Creative monopoly means new products that benefit everybody and sustainable profits for the creator.
Competition means no profits for anybody, no meaningful differentiation, and a struggle for survival.
So why do people believe that competition is healthy? The answer is that competition is not just an economic concept or a simple inconvenience that individuals and companies must deal with the marketplace.
More than anything else, competition is an ideology, the ideology that pervades our society and distorts our thinking. We preach competition, internalize its necessity, and enact its commandments, and as a result, we trap ourselves within it. Even though the more we compete, the less we gain.

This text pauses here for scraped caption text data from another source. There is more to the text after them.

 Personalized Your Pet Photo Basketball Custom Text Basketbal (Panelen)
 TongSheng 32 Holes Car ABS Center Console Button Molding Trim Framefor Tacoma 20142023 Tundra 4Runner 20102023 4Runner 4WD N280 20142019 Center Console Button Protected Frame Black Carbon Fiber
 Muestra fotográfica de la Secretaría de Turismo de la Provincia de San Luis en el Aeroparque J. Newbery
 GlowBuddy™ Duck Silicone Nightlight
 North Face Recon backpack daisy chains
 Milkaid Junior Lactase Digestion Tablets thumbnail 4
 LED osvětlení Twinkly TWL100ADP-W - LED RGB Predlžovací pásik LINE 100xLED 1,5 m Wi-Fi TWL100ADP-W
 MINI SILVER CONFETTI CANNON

This is a simple truth, but we have all been trained to ignore it. Our educational system both drives and reflects our obsession with competition. Grades themselves allow precise measurement of each student’s competitiveness; pupils with the highest marks receive status and credentials.

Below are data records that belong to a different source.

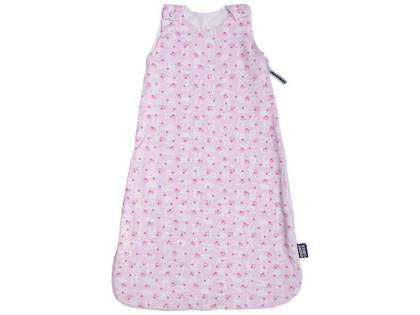 Letný spací vak, zajac ružový zips na boku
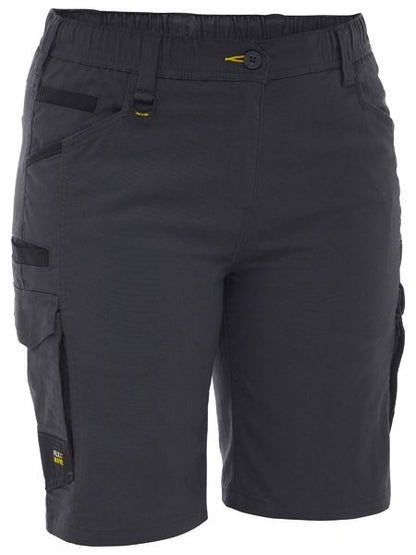 BSHL1338 Bisley Women's Flx & Move™ Elastic Waist Cargo Short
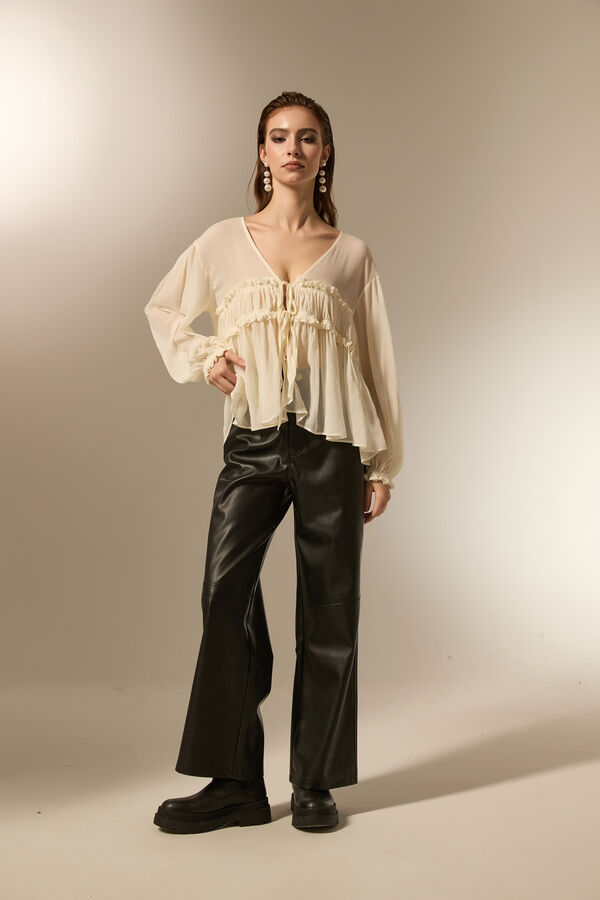BLUSA CELIN CRUDO / NATURAL image number null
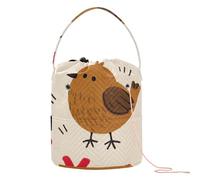 GuoChe Petit sac de rangement avec trous « I Love Your Valentine » en forme d'oiseau de dessin animé pour fournitures artistiques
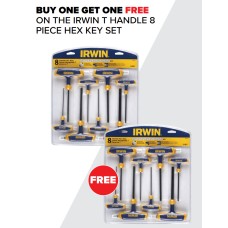 Irwin Tools BUY ONE 'T' Handle Hex Key Set of 8 Metric (2-10mm) And GET ONE FREE!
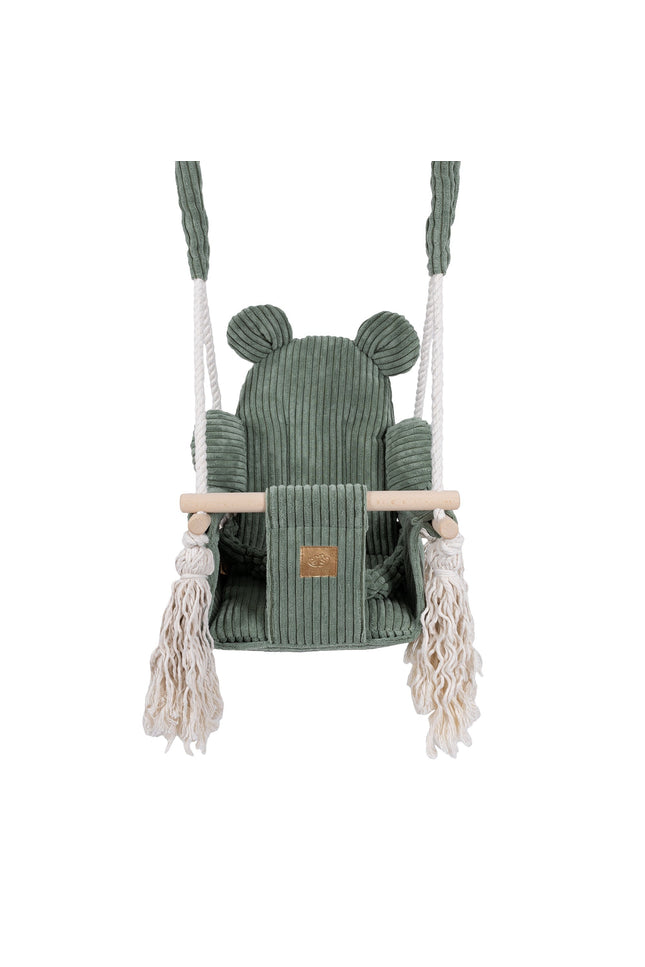 Indoor Babyschommel, Teddy - Olijfgroen-mercibeaucoupp.eu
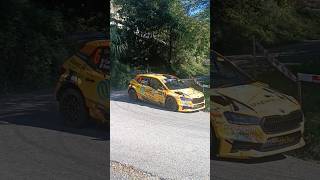 RALLY SANTO STEFANO BELBO  TROFEO DELLE MERENDE SKODA FABIA RS RALLY2 BALBOSCA ildiretta noirally [upl. by Xylina210]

We teach every young person the same subjects in mostly the same ways, irrespective of individual talents and preferences.

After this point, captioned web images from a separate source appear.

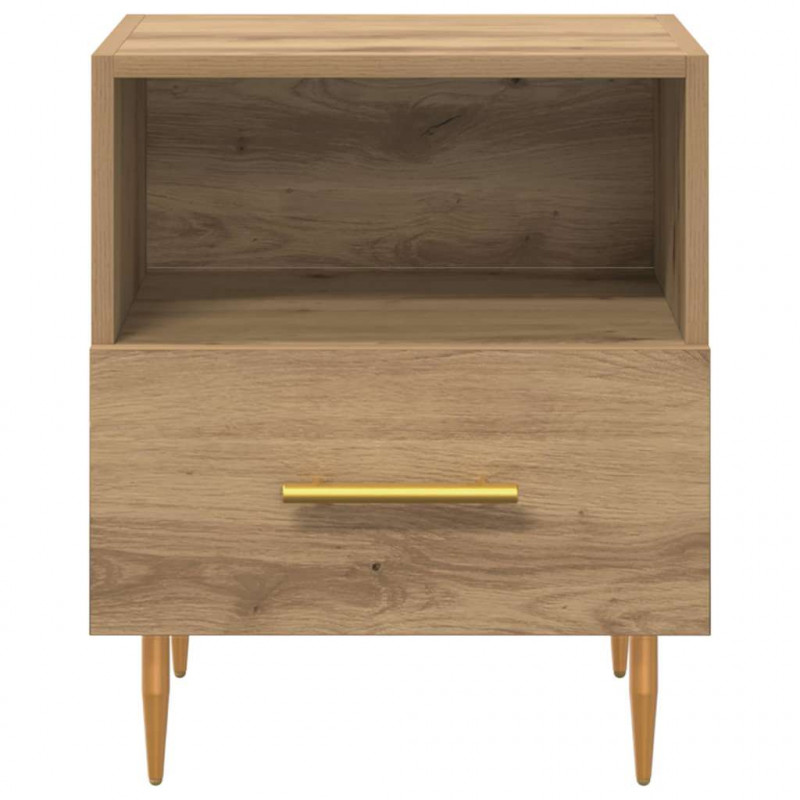 Stolik nocny z szufladą 2 pcs Brązowy 40 x 35 x 47,5 cm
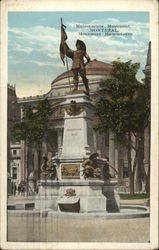 Maisonneuve Monument Montreal, QC Canada Quebec Postcard Postcard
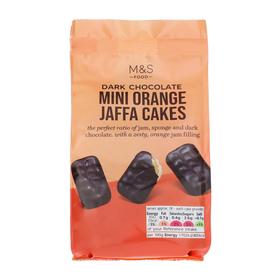 M&S Dark Chocolate Orange Mini Jaffa Cakes, 100g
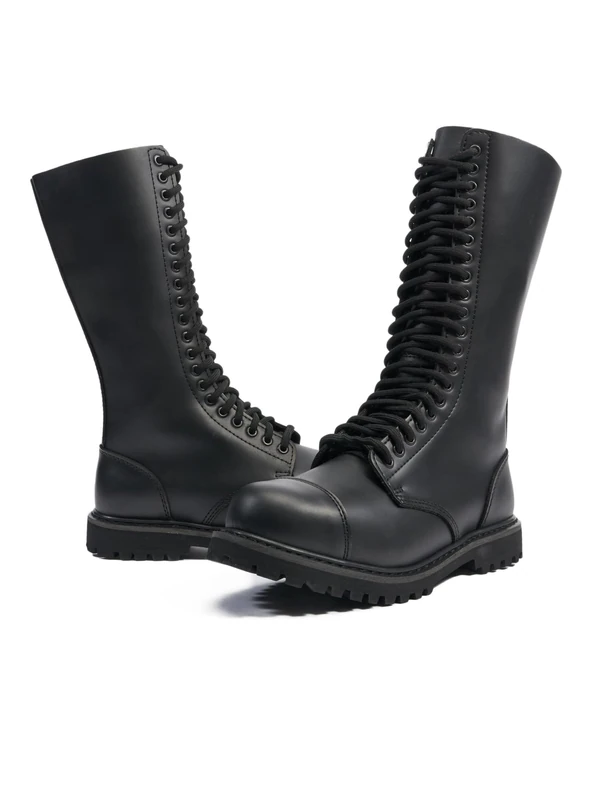 Brandit Phantom 20 Eyelet Boots Black Sizes 4/38 to 13/47, 20 holes, 11 UK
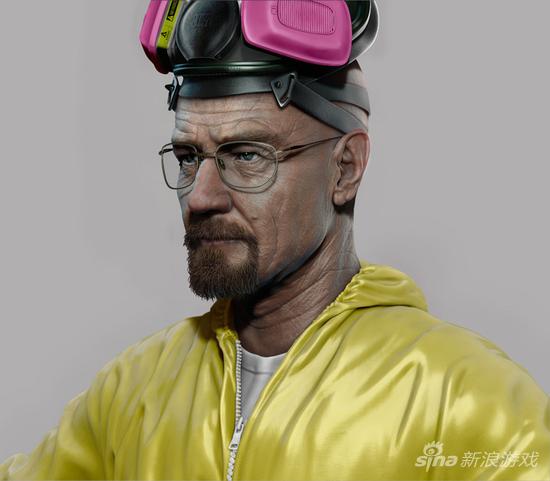 顽皮狗美工贴出《绝命毒师》建模图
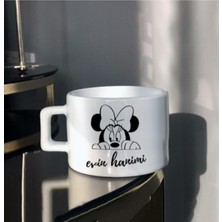 Minnie Mouse Evin Hanımı Tasarım Baskılı Çay Kahve Fincanı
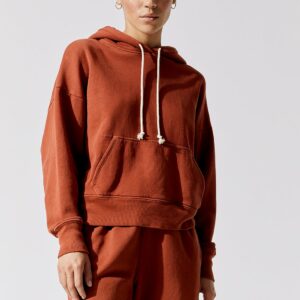 Re/done Classic Hoodie - Vintage Burnt Orange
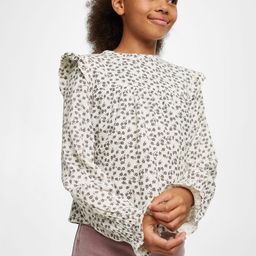 Mango Kids Girls Floral Print Ruffles Sustainable Top-image-60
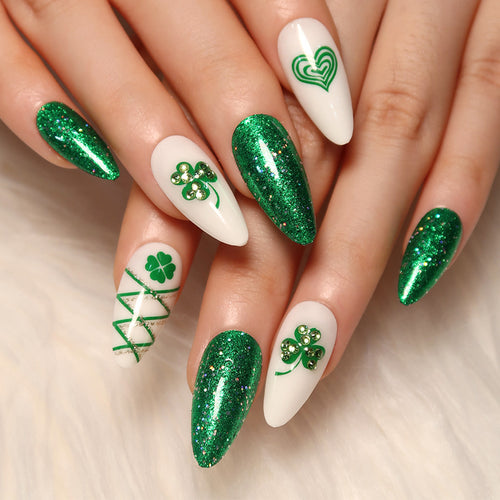 Artistic Glitter Nail Extensions Bowlift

Students who don’t learn best by sitting still at a desk are made to feel somehow inferior, while children who excel on conventional measures like tests and assignments end up defining their identities in terms of this weirdly contrived academic parallel reality.
And it gets worse as students ascend to higher levels of the tournament. “Elite students climb confidently until they reach a level of competition sufficiently intense to beat their dreams out of them. Higher education is the place where people who had big plans in high school get stuck in fierce rivalries with equally smart peers over conventional careers like management consulting and investment banking.
For the privilege of being turned into conformists, students (or their families) pay hundreds of thousands of dollars in skyrocketing tuition that continues to outpace inflation. Why are we doing this to ourselves?”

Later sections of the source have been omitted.